Bien instruido por Joaquina a la entrada de la ciudad se encontraba el mozalbete con embutidos pan y una bota de vino esperándoles para el almuerzo. Se quejó de su tardanza, porque pasadas las once, almorzar quita el apetito de la comida. Por educación los había esperado y le sentó mal que el señor ingeniero no probara nada. Los había esperado casi dos horas y les distanciaba algo más de un kilómetro desde que se separaron.
—Jordi, no es por despreciar —le dijo agradecido Bernat—, resulta que Paco es de costumbres raras. No se lo tengas en cuenta, que él agradece el gesto.
Pragmático, Bernat tuvo que reaccionar ante el estupor del joven para asegurarse de que esta incipiente costumbre de agasajarlos en los reencuentros, no se malograse. El inglés ni vino tomó; dirigiéndose del tirón a la fuente de la plaza para beber su fresca agua.

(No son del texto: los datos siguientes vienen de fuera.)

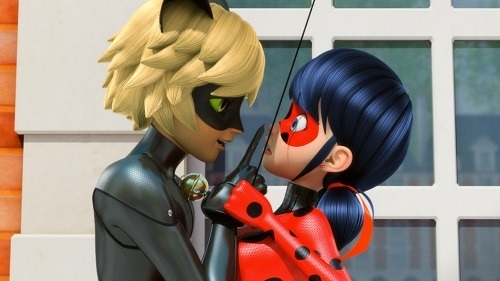 2次元キャラのラブラブなシーン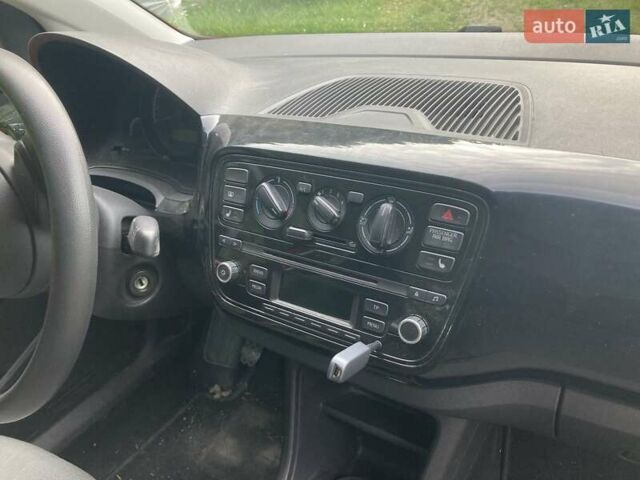 Фольксваген Ап 2013 в Львове на Automoto.ua Красный Фольксваген Ап, объемом двигателя 1 л и пробегом 135 тыс. км за 8183 $, фото 38 на Automoto.ua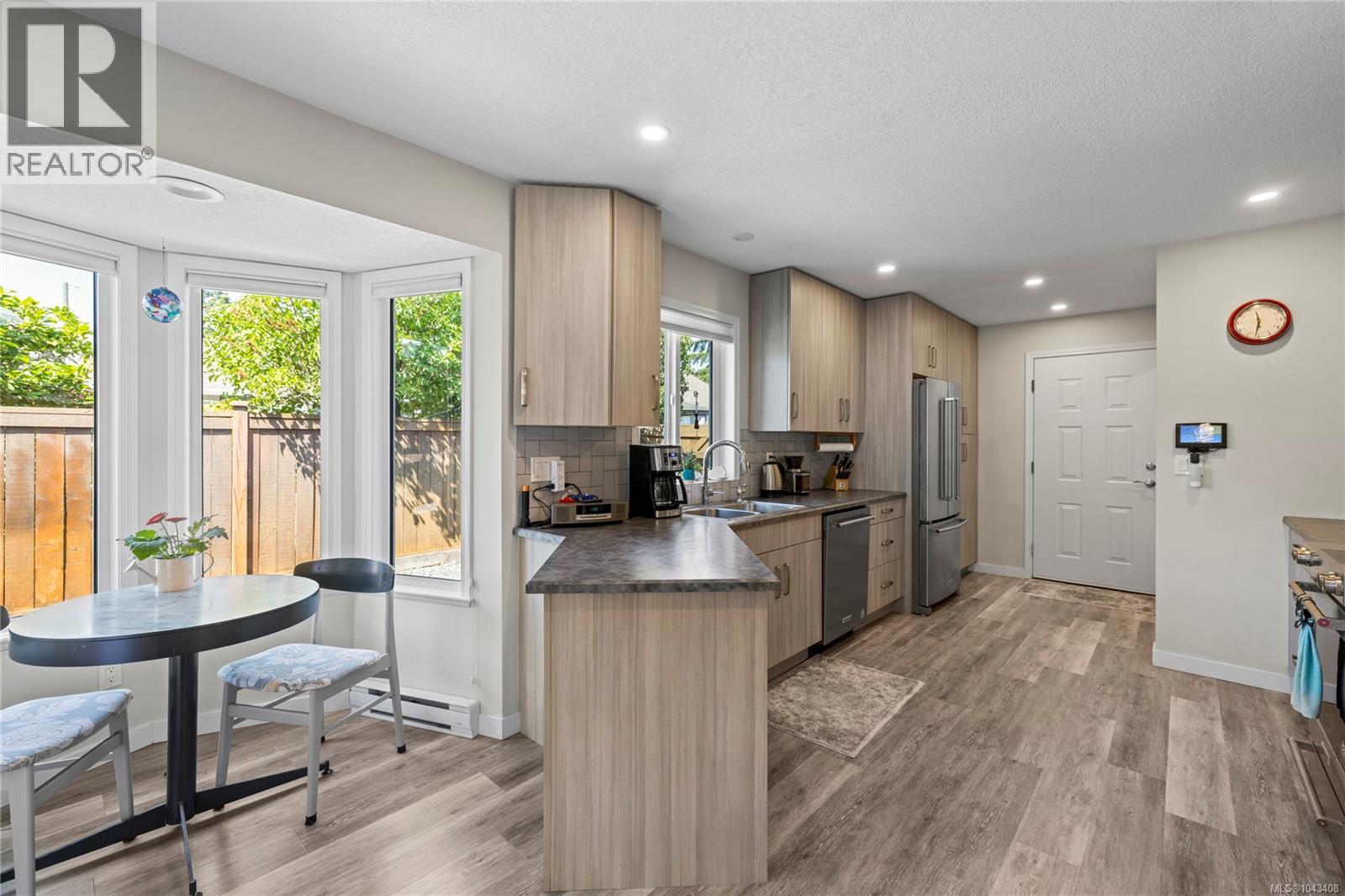 1332 Chesterton Pl - 22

En apenas dos horas había visto la ciudad. Contaba con una débil industria y los siete mil habitantes se dedicaban principalmente a la agricultura. Su antiguo pasado ducal había ido cediendo terreno a la concentración industrial alcoyana. Ubicó la estación de la ciudad y se fueron a comer a una fonda. En la cabeza de Philip estaba llegar a L'Orxa para cenar, pero vista la hora le pidió a Bernat que adquiriese alimento para cenar a la intemperie.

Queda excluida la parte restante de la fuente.